Overview of Stress and Its Dual Nature

The concept that stress could potentially enhance health might seem puzzleting, but Dr. Sharon Burrquist suggests that certain types of stress, termed “good stress,” such as fasting, high-intensity exercise, phytochemical consumption, thermotherapy, and specific psychological stresses, activate survival pathways in the body. This redefines the traditional view of stress, which has been known for its harmful effects on every part of the body over 90 years of research. Recent advancements in cell biology have shown how stress can also contribute to growth and resilience, indicating a need to optimize rather than eliminate stress from our lives.

The Role of Genomics and Hormesis in Stress Responses

Some parts of our genome actively trigger regenerative repair processes when exposed to brief and moderate stress.
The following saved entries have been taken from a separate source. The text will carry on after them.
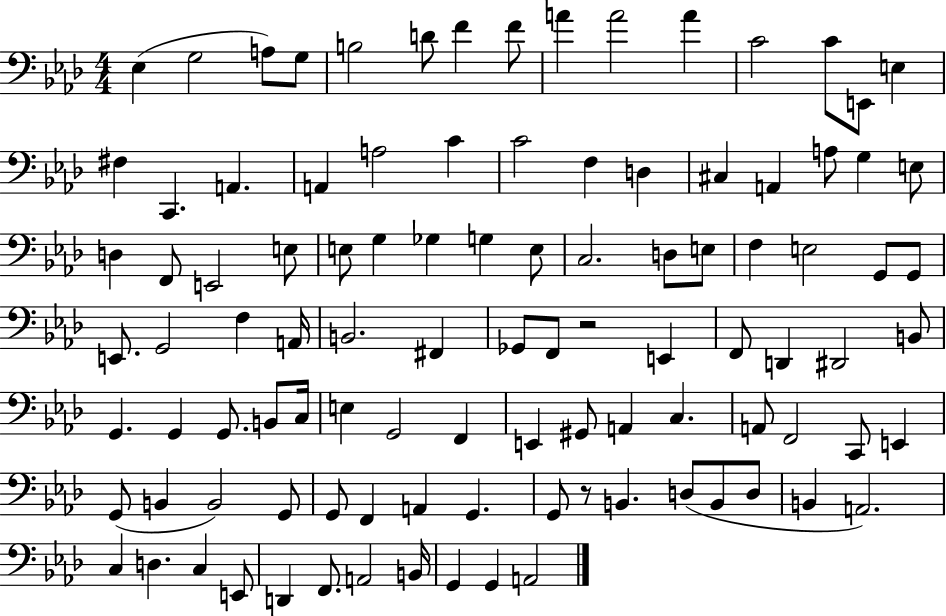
X:1
T:Untitled
M:4/4
L:1/4
K:Ab
_E, G,2 A,/2 G,/2 B,2 D/2 F F/2 A A2 A C2 C/2 E,,/2 E, ^F, C,, A,, A,, A,2 C C2 F, D, ^C, A,, A,/2 G, E,/2 D, F,,/2 E,,2 E,/2 E,/2 G, _G, G, E,/2 C,2 D,/2 E,/2 F, E,2 G,,/2 G,,/2 E,,/2 G,,2 F, A,,/4 B,,2 ^F,, _G,,/2 F,,/2 z2 E,, F,,/2 D,, ^D,,2 B,,/2 G,, G,, G,,/2 B,,/2 C,/4 E, G,,2 F,, E,, ^G,,/2 A,, C, A,,/2 F,,2 C,,/2 E,, G,,/2 B,, B,,2 G,,/2 G,,/2 F,, A,, G,, G,,/2 z/2 B,, D,/2 B,,/2 D,/2 B,, A,,2 C, D, C, E,,/2 D,, F,,/2 A,,2 B,,/4 G,, G,, A,,2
This phenomenon, known as hormesis, involves the activation of parts of the genome that aid the body in repairing, healing, and regenerating. According to research, different people have varying thresholds for what constitutes beneficial stress, depending on factors like personal recovery and day-to-day conditions.

Optimizing Stress for Health

The idea of optimizing stress revolves around finding a balance that pushes individuals slightly beyond their comfort zones but not to the extent of causing harm. The challenge lies in adjusting stress levels to accommodate personal sensitivities and recovery states, highlighting the dynamic and personalized nature of effective stress management.
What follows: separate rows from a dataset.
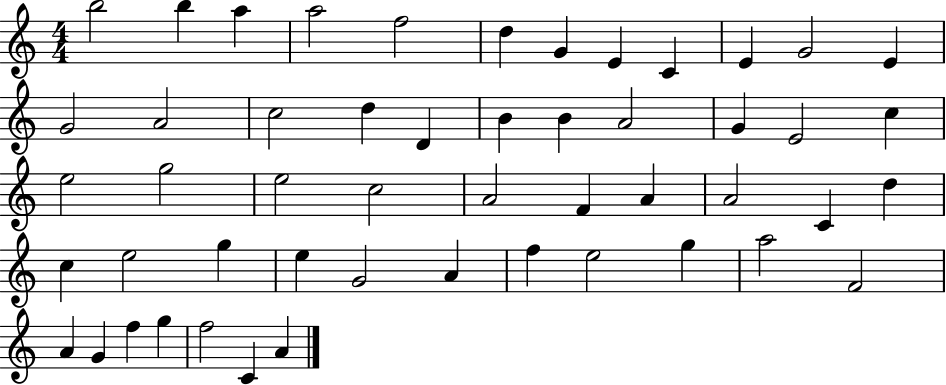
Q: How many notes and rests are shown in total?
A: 51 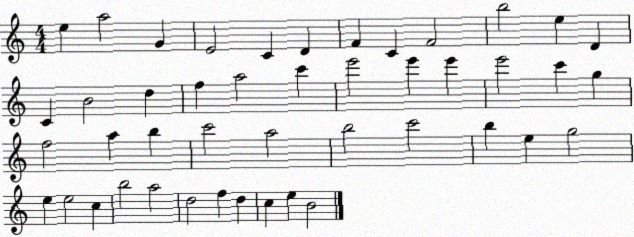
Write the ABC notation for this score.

X:1
T:Untitled
M:4/4
L:1/4
K:C
e a2 G E2 C D F C F2 b2 e D C B2 d f a2 c' e'2 e' e' e'2 c' g f2 a b c'2 a2 b2 c'2 b e g2 e e2 c b2 a2 d2 f d c e B2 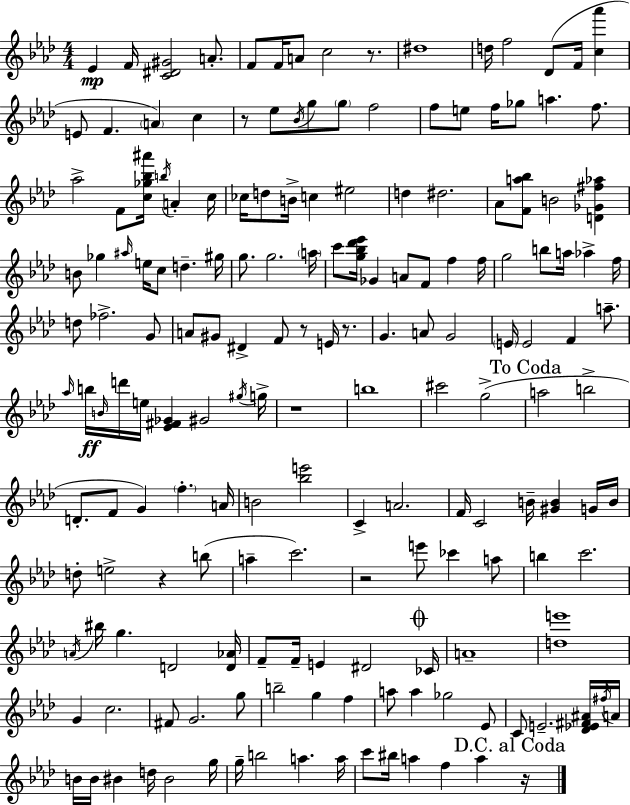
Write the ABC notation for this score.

X:1
T:Untitled
M:4/4
L:1/4
K:Fm
_E F/4 [C^D^G]2 A/2 F/2 F/4 A/2 c2 z/2 ^d4 d/4 f2 _D/2 F/4 [c_a'] E/2 F A c z/2 _e/2 _B/4 g/2 g/2 f2 f/2 e/2 f/4 _g/2 a f/2 _a2 F/2 [c_g_b^a']/4 b/4 A c/4 _c/4 d/2 B/4 c ^e2 d ^d2 _A/2 [Fa_b]/2 B2 [D_G^f_a] B/2 _g ^a/4 e/4 c/2 d ^g/4 g/2 g2 a/4 c'/2 [g_b_d'_e']/4 _G A/2 F/2 f f/4 g2 b/2 a/4 _a f/4 d/2 _f2 G/2 A/2 ^G/2 ^D F/2 z/2 E/4 z/2 G A/2 G2 E/4 E2 F a/2 _a/4 b/4 B/4 d'/4 e/4 [_E^F_G] ^G2 ^g/4 g/4 z4 b4 ^c'2 g2 a2 b2 D/2 F/2 G f A/4 B2 [_be']2 C A2 F/4 C2 B/4 [^GB] G/4 B/4 d/2 e2 z b/2 a c'2 z2 e'/2 _c' a/2 b c'2 A/4 ^b/4 g D2 [D_A]/4 F/2 F/4 E ^D2 _C/4 A4 [de']4 G c2 ^F/2 G2 g/2 b2 g f a/2 a _g2 _E/2 C/2 E2 [_D_E^F^A]/4 ^f/4 A/4 B/4 B/4 ^B d/4 ^B2 g/4 g/4 b2 a a/4 c'/2 ^b/4 a f a z/4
The Impact of Lifestyle Comfort on Health

Modern lifestyles characterized by excess comfort might be contributing to health issues by reducing exposure to beneficial stressors that activate the body’s regenerative systems. Historically, humans were accustomed to uncomfortable conditions that possibly promoted health. Today’s comfortable conditions may be suppressing these vital adaptive responses.

Integrative Approaches to Lifestyle and Stress Management

Incorporating manageable stressors can lead to improved resilience and health. Activities like fasting, engaging in high-intensity exercise, and consuming phytochemical-rich foods are recommended. It’s also advised to be cautious of not overdoing it by respecting one’s personal limits and ensuring proper recovery to avoid transforming potentially beneficial stress into harmful stress.

In conclusion, while the discourse around stress commonly focuses on its negative impacts, emerging research suggests that controlled exposure to certain stressors can be profoundly beneficial, activating biological pathways that help in stress management, resilience building, and overall health improvement.